Segment Start: DATA FOR THIS EXERCISE

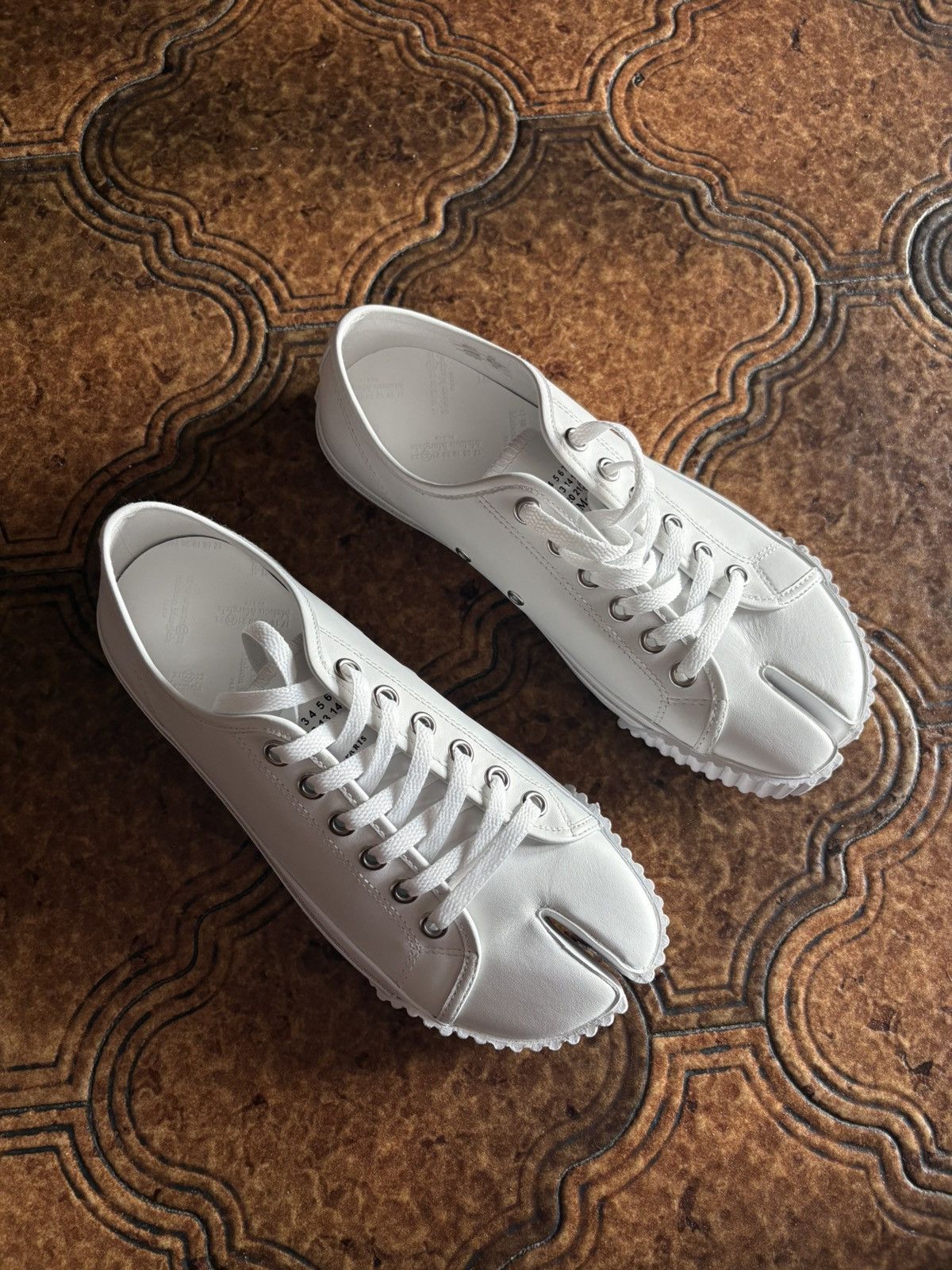 Maison Margiela Maison margiela leather tabi sneakers Size US 8.5 / EU 41-42 - 1 Thumbnail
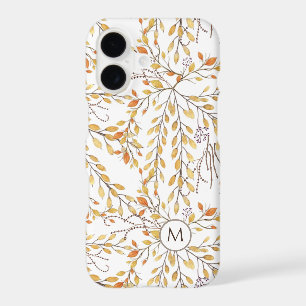 Elegant Autumn Foliage Pattern Personalised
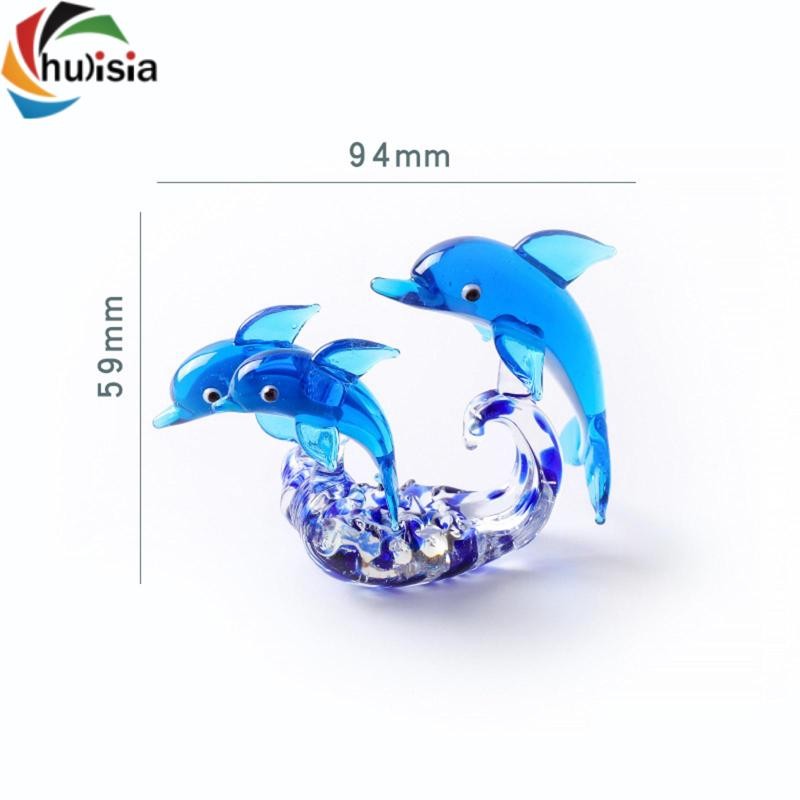 chulisia Trang Trí Cá Heo Trong Suốt Tượng Cá Heo Trang Trí Trung Tâm Trang Trí Kệ Sách Thủ Công Phòng Khách Kính Cá Heo Đồ Trang Trí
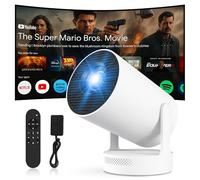 [Apps intégrées] Projecteur Video 2025 Upgraded Vidéoprojecteur avec WiFi 6 et BT 5.4 Mini Projecteur Supporte 4K 1080P Auto Keystone Compatibile avec HDMI/TV Stick Laptop Electric Focus (RTR300)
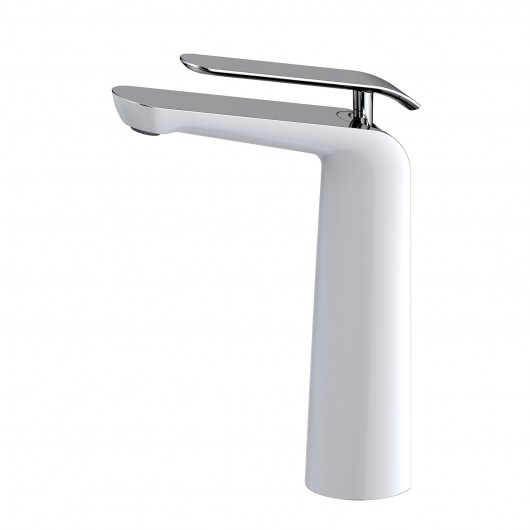 Смеситель Timo Olivia 3211/00-16F chrome / white для раковины Смеситель Timo Olivia 3211/00-16F chrome / white для раковины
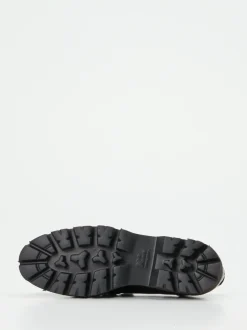 Andrea Puccini – Chunky Loafer aus Lackleder Petrol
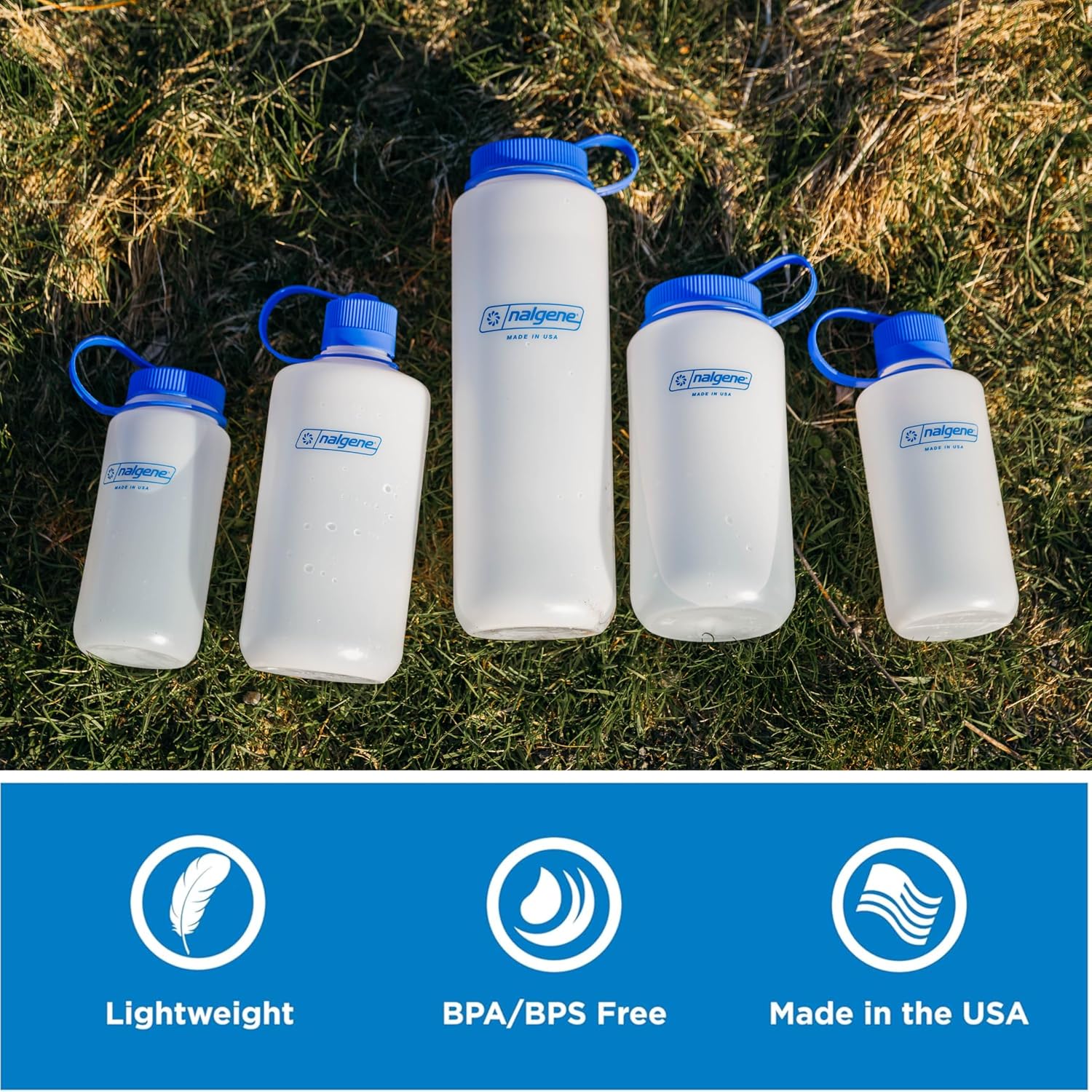 Nalgene HDPE 16oz Wide Mouth BPA-Free Water Bottle image 5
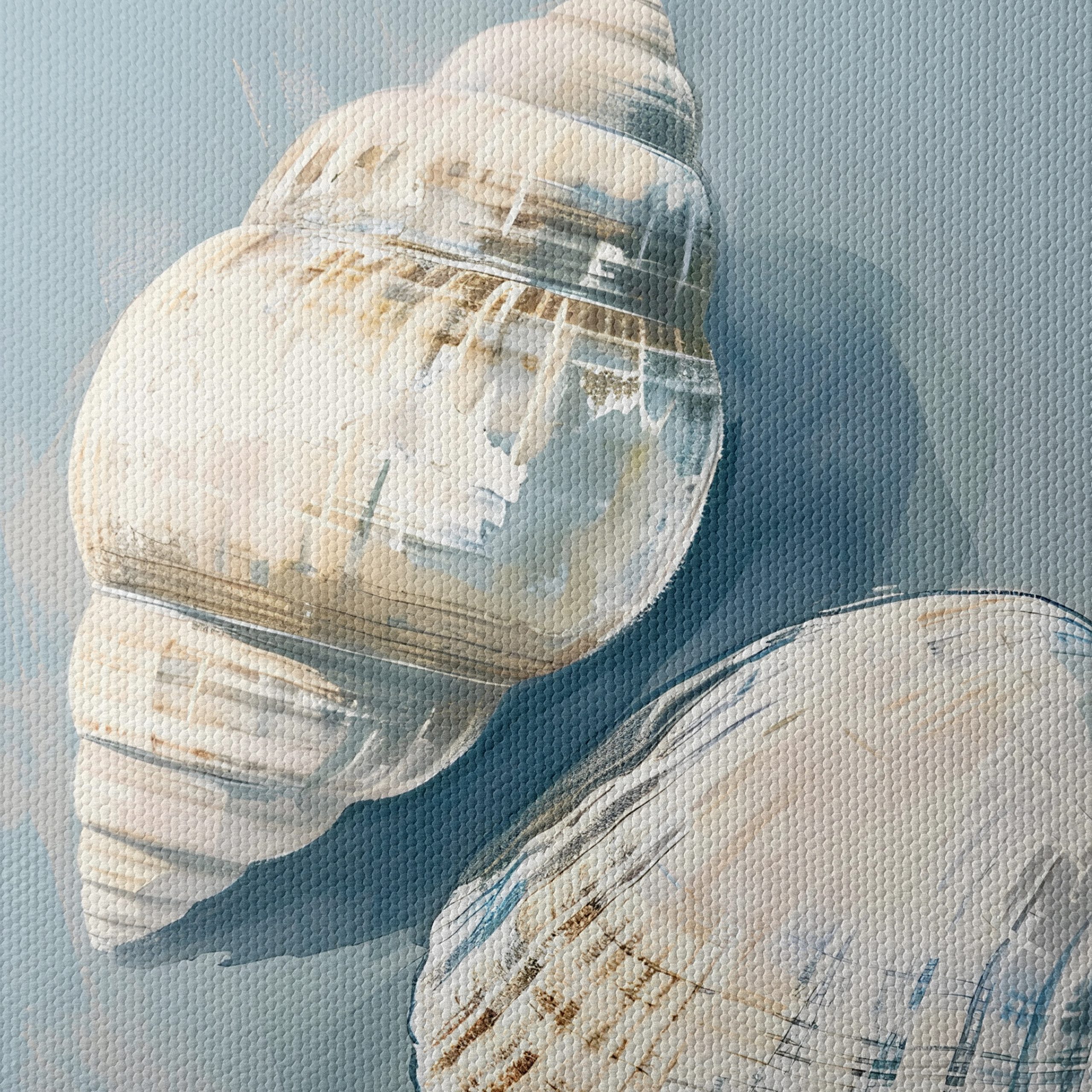 Abstract Seashell Illustration for Beach Lovers - Image 4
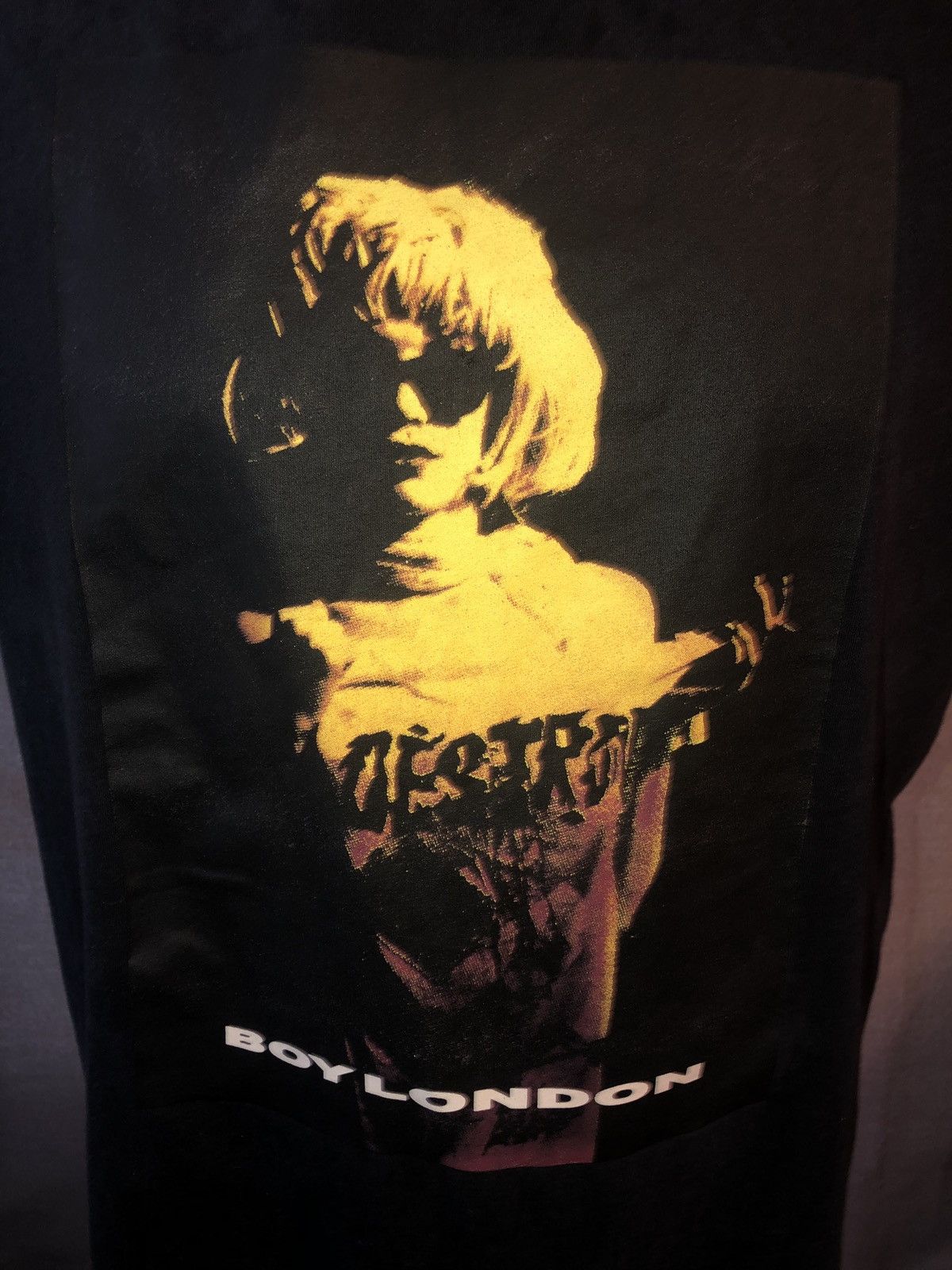 Boy London BOY London - T-Shirt - Black - Medium - Very Good Condition Size M / US 6-8 / IT 42-44 - 2 Thumbnail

Segment End: DATA FOR THIS EXERCISE

§ WHAT YOU WILL DO: Restate, word for word, all of the material above, leaving out the images.

§ RESULT FOR THIS EXERCISE:
 Maison Margiela Maison margiela leather tabi sneakers Size US 8.5 / EU 41-42 - 1 Thumbnail
 Elegant Autumn Foliage Pattern Personalised
 chulisia Trang Trí Cá Heo Trong Suốt Tượng Cá Heo Trang Trí Trung Tâm Trang Trí Kệ Sách Thủ Công Phòng Khách Kính Cá Heo Đồ Trang Trí
 [Apps intégrées] Projecteur Video 2025 Upgraded Vidéoprojecteur avec WiFi 6 et BT 5.4 Mini Projecteur Supporte 4K 1080P Auto Keystone Compatibile avec HDMI/TV Stick Laptop Electric Focus (RTR300)
 Смеситель Timo Olivia 3211/00-16F chrome / white для раковины Смеситель Timo Olivia 3211/00-16F chrome / white для раковины
 Andrea Puccini – Chunky Loafer aus Lackleder Petrol
 Nalgene HDPE 16oz Wide Mouth BPA-Free Water Bottle image 5
 Abstract Seashell Illustration for Beach Lovers - Image 4
 Boy London BOY London - T-Shirt - Black - Medium - Very Good Condition Size M / US 6-8 / IT 42-44 - 2 Thumbnail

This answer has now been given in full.